SUPPLIED RECORDS:
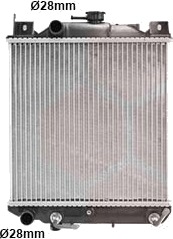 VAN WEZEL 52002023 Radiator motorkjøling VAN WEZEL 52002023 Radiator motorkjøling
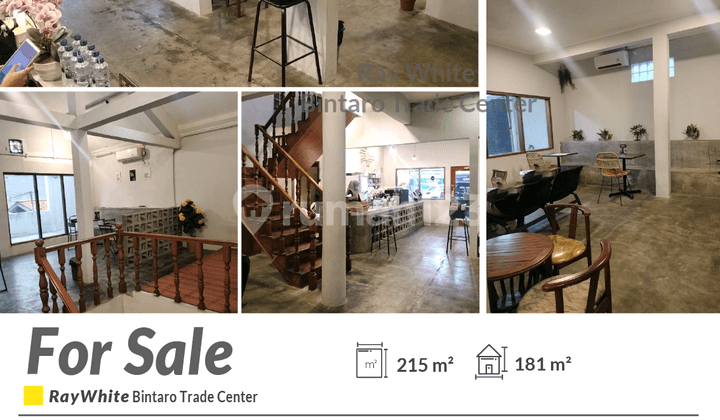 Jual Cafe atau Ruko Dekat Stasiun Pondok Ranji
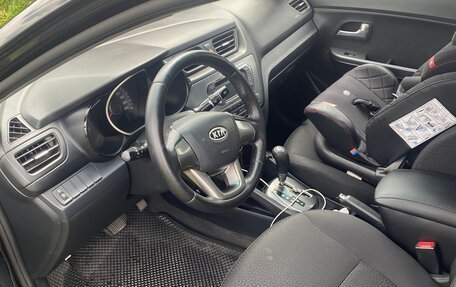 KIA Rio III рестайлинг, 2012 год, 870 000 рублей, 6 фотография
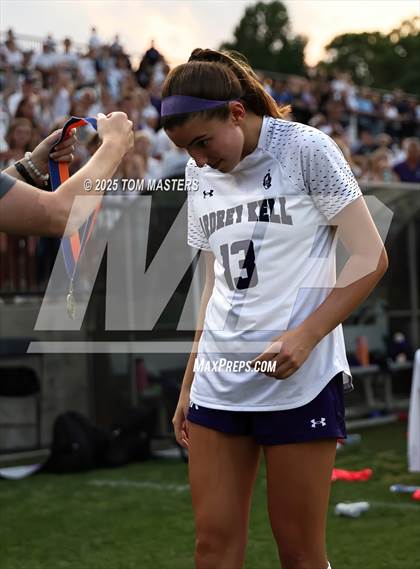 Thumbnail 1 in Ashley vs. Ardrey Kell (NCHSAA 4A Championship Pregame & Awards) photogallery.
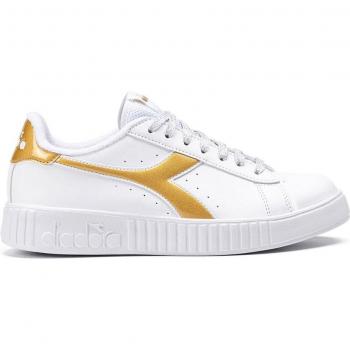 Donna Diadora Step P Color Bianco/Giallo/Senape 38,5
==
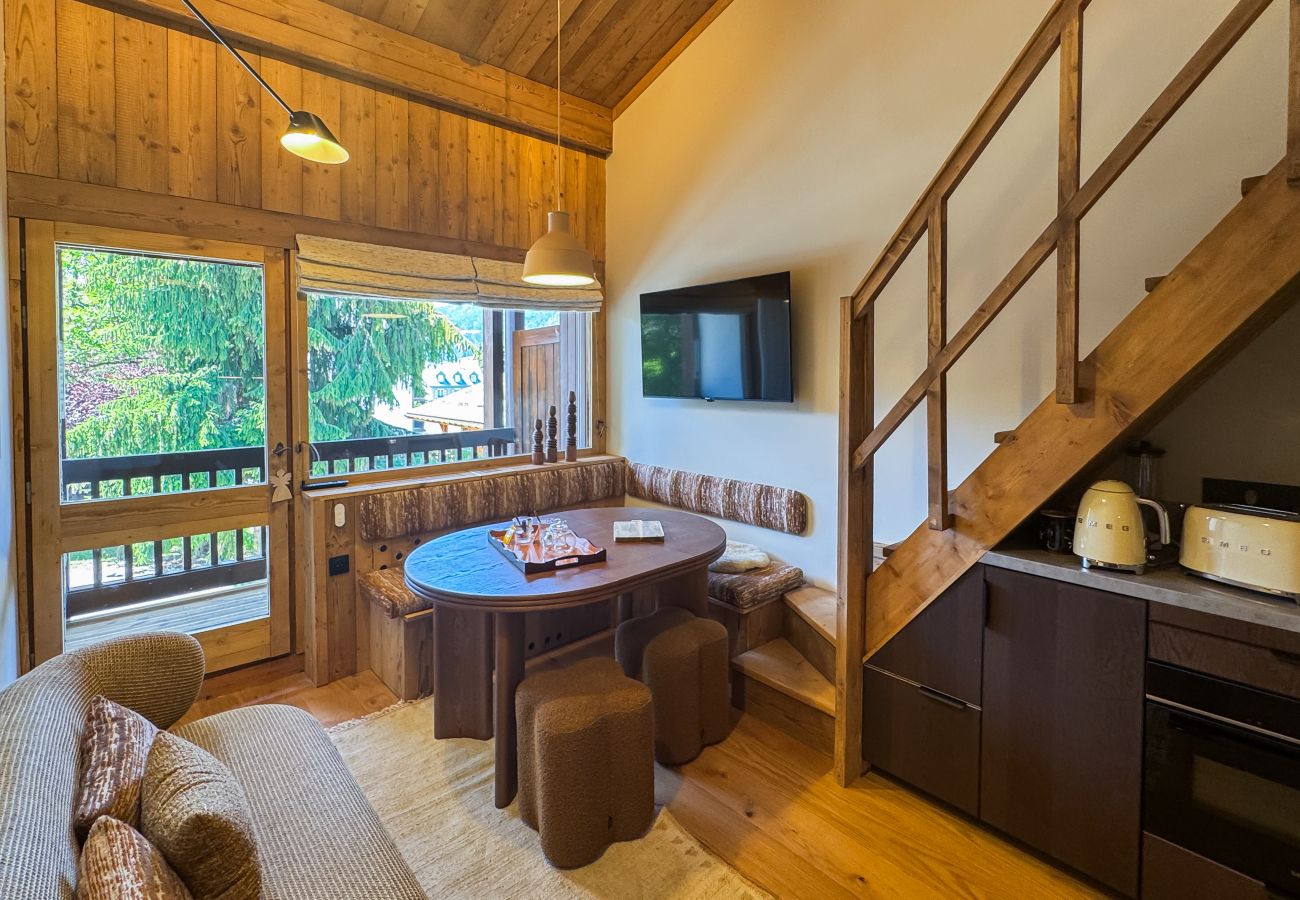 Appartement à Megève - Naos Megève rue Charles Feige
...
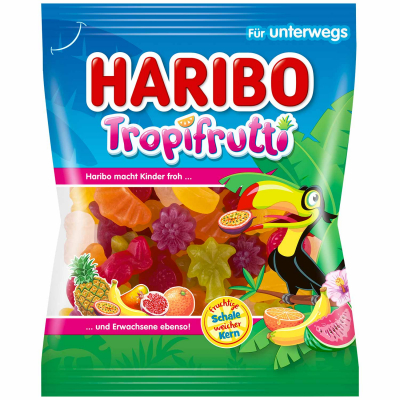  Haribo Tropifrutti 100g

PROBLEM DESCRIPTION:
The answer must be the lines above from the one containing "KIA Rio III" through the one containing "Donna Diadora Step", reproduced exactly, with no pictures and nothing else.

ANSWER TO THIS PROBLEM:
 KIA Rio III рестайлинг, 2012 год, 870 000 рублей, 6 фотография
 Thumbnail 1 in Ashley vs. Ardrey Kell (NCHSAA 4A Championship Pregame & Awards) photogallery.
 Donna Diadora Step P Color Bianco/Giallo/Senape 38,5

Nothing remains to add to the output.